Exercise. Below are some entries; reproduce them exactly and leave every picture out.

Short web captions
#####

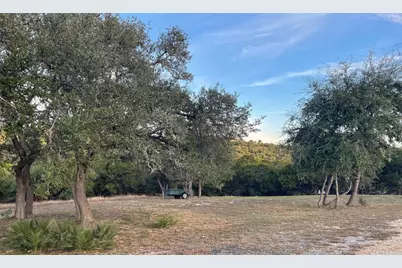 820 Sundown Trail, Fischer, TX 78623 - Photo 3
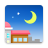 icon Sleep Calculator(Sleep Calculator
) 1.2.028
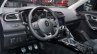 2018 Paris Motor Show 2019 Renault Kadjar Images I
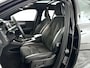 Volvo XC40 Recharge P8 AWD R-Design | Panoramadak | 360° camera | Harman Kardon | Stoel- en Stuurverwarming
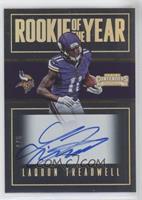 Laquon Treadwell #/5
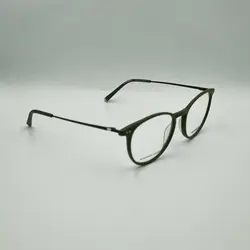 خرید عینک طبی Humphrey's مدل 581118 | اورجینال با ضمانت اصالت کالا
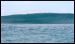 galapagos-surf-4.jpg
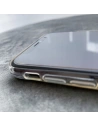 Hurtownia GSM - Etui Tech-Protect Flexair+ Samsung Galaxy A23 5G Clear - THP1445 - {ean13} - Hurt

#####

Reply.
 820 Sundown Trail, Fischer, TX 78623 - Photo 3
 icon Sleep Calculator(Sleep Calculator
) 1.2.028
 2018 Paris Motor Show 2019 Renault Kadjar Images I
 Volvo XC40 Recharge P8 AWD R-Design | Panoramadak | 360° camera | Harman Kardon | Stoel- en Stuurverwarming
 Laquon Treadwell #/5
 خرید عینک طبی Humphrey's مدل 581118 | اورجینال با ضمانت اصالت کالا
 galapagos-surf-4.jpg
 Hurtownia GSM - Etui Tech-Protect Flexair+ Samsung Galaxy A23 5G Clear - THP1445 - {ean13} - Hurt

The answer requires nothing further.